Più: non solo il governo ha minor vigore e celerità per far osservare le leggi, impedire le vessazioni, correggere gli abusi, prevenire i sediziosi tentativi che possono succedere in luoghi lontani, ma il popolo è meno affezionato a’ suoi capi che non vede mai, alla patria che a’ suoi occhi è come il mondo, ed a’ suoi concittadini, la maggior parte dei quali gli sono stranieri. Le medesime leggi non possono convenire a tante provincie diverse che hanno costumi diversi, che vivono sotto climi opposti, e che non ponno sopportare la medesima forma di governo, Leggi diverse non generano se non discordia e confusione fra popoli, che vivendo sotto i medesimi capi ed in una continua comunicazione passano o si accasano gli uni presso gli altri, e soggetti ad altri costumi non sanno mai se il loro patrimonio appartenga veramente ad essi. Gli ingegni sono sopiti, ignorate le virtù, impuniti i vizii in una tale moltitudine d’uomini ignoti gli uni agli altri, ammassati in un medesimo luogo dalla sede della suprema amministrazione. I capi sopraffatti dagli affari non vedono niente cogli occhi proprii, lo stato è governato da proposti. Finalmente le misure necessarie per mantenere l’autorità generale, alla quale tanti uffiziali discosti vogliono ribellarsi od imporre, assorbono tutte le cure pubbliche, è le quali non si possono più indirizzare alla felicità del popolo, appena appena sufficienti per difenderlo in caso di bisogno; di modo che un corpo troppo grande per la sua costituzione dechina e perisce schiacciato sotto il suo proprio peso.

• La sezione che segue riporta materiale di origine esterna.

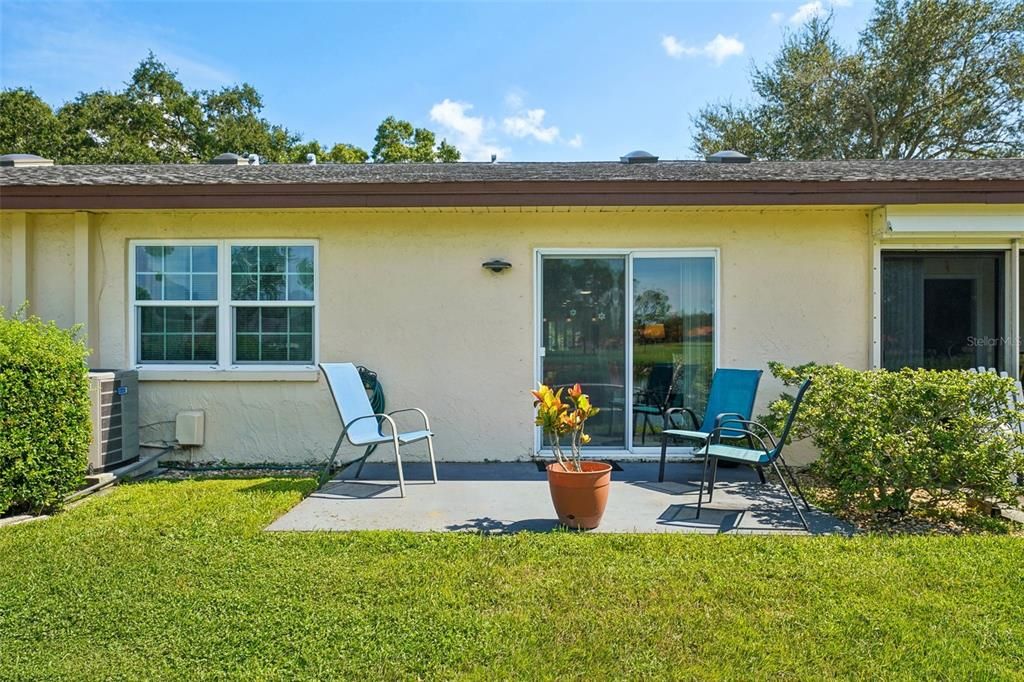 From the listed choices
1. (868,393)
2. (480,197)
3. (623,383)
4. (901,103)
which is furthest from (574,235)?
(901,103)

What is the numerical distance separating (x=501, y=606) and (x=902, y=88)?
23.7 meters

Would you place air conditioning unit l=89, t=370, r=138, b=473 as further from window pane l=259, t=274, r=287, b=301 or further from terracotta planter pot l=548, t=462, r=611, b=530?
terracotta planter pot l=548, t=462, r=611, b=530

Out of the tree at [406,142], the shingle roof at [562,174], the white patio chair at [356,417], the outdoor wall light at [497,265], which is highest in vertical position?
the tree at [406,142]

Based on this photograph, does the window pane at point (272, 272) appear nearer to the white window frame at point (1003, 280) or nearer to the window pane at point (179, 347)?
the window pane at point (179, 347)

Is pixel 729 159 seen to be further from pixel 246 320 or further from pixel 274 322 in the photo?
pixel 246 320

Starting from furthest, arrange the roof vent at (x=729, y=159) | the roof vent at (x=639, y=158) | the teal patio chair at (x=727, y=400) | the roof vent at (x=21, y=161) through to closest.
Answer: the roof vent at (x=639, y=158)
the roof vent at (x=729, y=159)
the roof vent at (x=21, y=161)
the teal patio chair at (x=727, y=400)

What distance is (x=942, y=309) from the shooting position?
22.3 ft

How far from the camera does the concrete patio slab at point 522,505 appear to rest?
4.55m

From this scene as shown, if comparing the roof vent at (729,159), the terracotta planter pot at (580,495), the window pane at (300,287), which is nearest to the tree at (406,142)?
the roof vent at (729,159)

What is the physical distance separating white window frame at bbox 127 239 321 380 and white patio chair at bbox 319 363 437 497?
96 cm

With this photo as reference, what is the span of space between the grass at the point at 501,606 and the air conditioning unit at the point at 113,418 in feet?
5.30

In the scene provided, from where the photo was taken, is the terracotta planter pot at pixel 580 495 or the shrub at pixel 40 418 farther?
the shrub at pixel 40 418

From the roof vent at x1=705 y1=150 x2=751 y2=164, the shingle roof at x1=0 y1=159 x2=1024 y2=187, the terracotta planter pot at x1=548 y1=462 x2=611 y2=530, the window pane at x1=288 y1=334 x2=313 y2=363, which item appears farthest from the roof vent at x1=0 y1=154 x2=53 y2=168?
the roof vent at x1=705 y1=150 x2=751 y2=164

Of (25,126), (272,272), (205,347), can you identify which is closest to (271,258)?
(272,272)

Inoltre lo stato deve prendere una certa base per esser solido, per resistere alle scosse i cui andrà soggetto, ed agli sforzi che dovrà fare per sostenersi: perchè tutti i popoli hanno una specie di forza centrifuga, per cui agiscono continuamente gli uni contra gli altri e tendono ad ingrandirsi a spesa dei loro vicini come i vortici di Cartesio. Così i deboli sono in pericolo di venir bentosto inghiottiti, e niuno può conservarsi se non mettendosi con tutti in una specie d’equilibrio, che rende la compressione dappertutto press’a poco uguale.

Da ciò si scorge che c’è motivo di ampliarsi e molivo di restringersi, e non poco ingegno dimostra quel politico il quale trova tra l’uno e l’altro la proporzione più vantaggiosa alla conservazione dello stato. In generale si può dire, che il primo non essendo se non esterno e relativo, debb’essere subordinato all’altro che è interno ed assoluto. La prima cosa da ricercarsi è una sana e forte costituzione, e si deve tener più conto del vigore che nasce da un buon governo che non dei mezzi procacciati da un grande territorio.

Del resto furon visti degli stati talmente costituiti, che entrava nella loro stessa costituzione la necessità delle conquiste, e i quali per mantenersi eran costretti a continuamente ampliarsi. Forse compiacevansi di questa avventurosa necessità, la quale però additava loro col termine di loro grandezza l’inevitabile istante di loro caduta.